The Shape of Water & Female Sexual Desire.

This year’s Oscar Winner The Shape of Water was, let’s say different, firstly in that science fiction monster flicks are a rarity at the Academy Awards and, if they are they are only nominated for special effects accolades. Defying these odds The Shape of Water blasted on to the awards scene winning Best Director at the BAFTAS, and now winning the sought after Best Picture Oscar. But what makes this film so special? It has certainly caused quite the controversy online, with people getting rather hooked (excuse the pun) on the concept of fish/human intercourse.

Now although this is quite iconic, this is not what I found unique about the film. For me what I found groundbreaking (for a mainstream film) is the fact that in the first five minutes of the film, we see the main female protagonist masturbating in the bath, which, as the film goes on appears to be part of her morning routine. In popular culture, we see references to male masturbation everywhere, mainly in teenage comedies. However, women are overlooked. Because heaven forbid that women have sexual desire! Open sexuality has long been the realm of men. But shock, horror, guess what. Women kind of like sex. But movies don’t seem to get this. Female characters in films are rarely the active party in seeking out sex, men are a lot of the time the active pursuers. Yet in The Shape of Water, the woman has a clear and active sexual desire, she actively pursues the fish man, she is the initiator in all the romantic elements of the film.

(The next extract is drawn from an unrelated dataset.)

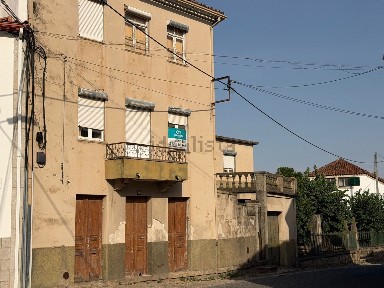 Moradia independente à venda na Rua de São Sebastião, 12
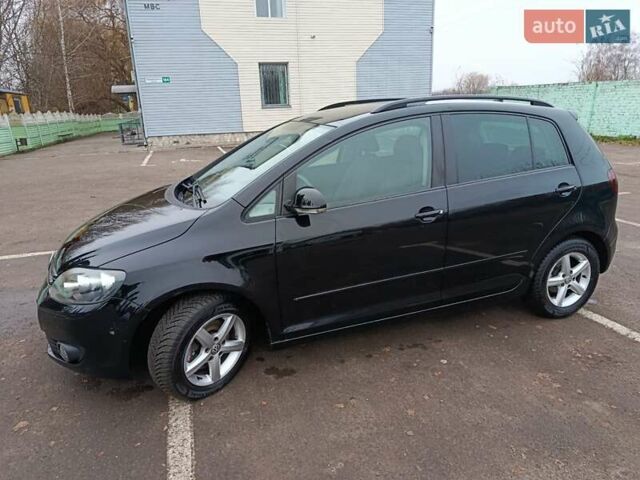 Черный Фольксваген Гольф Плюс, объемом двигателя 1.6 л и пробегом 236 тыс. км за 8100 $, фото 1 на Automoto.ua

I recently watched the 1984 film Splash starring Tom Hanks and Daryl Hannah, and I couldn’t help but see parallels with The Shape of Water. The roles are kind of flipped in Splash, the woman is the sea creature, the man is the human. However, it is the woman, the mermaid who is quite active in her pursuit of Tom Hanks’ character, Allen. Yet in this film, it isn’t seen as a weird perversion, because on land, Madison (Daryl Hannah) looks like a human. Her desire in the film is presented as cute and naive. She is not human therefore doesn’t know the conventions of courtship that we have set in place, making her seem even more otherworldly. When we see Madison when she first arrives in New York, on land, she is completely naked leaving the humans who discover her are completely shocked, some disgusted by her open sexuality and others (the men) are excited by it, taking pictures and crowding around her like she is a magical rare being and that’s without her tail!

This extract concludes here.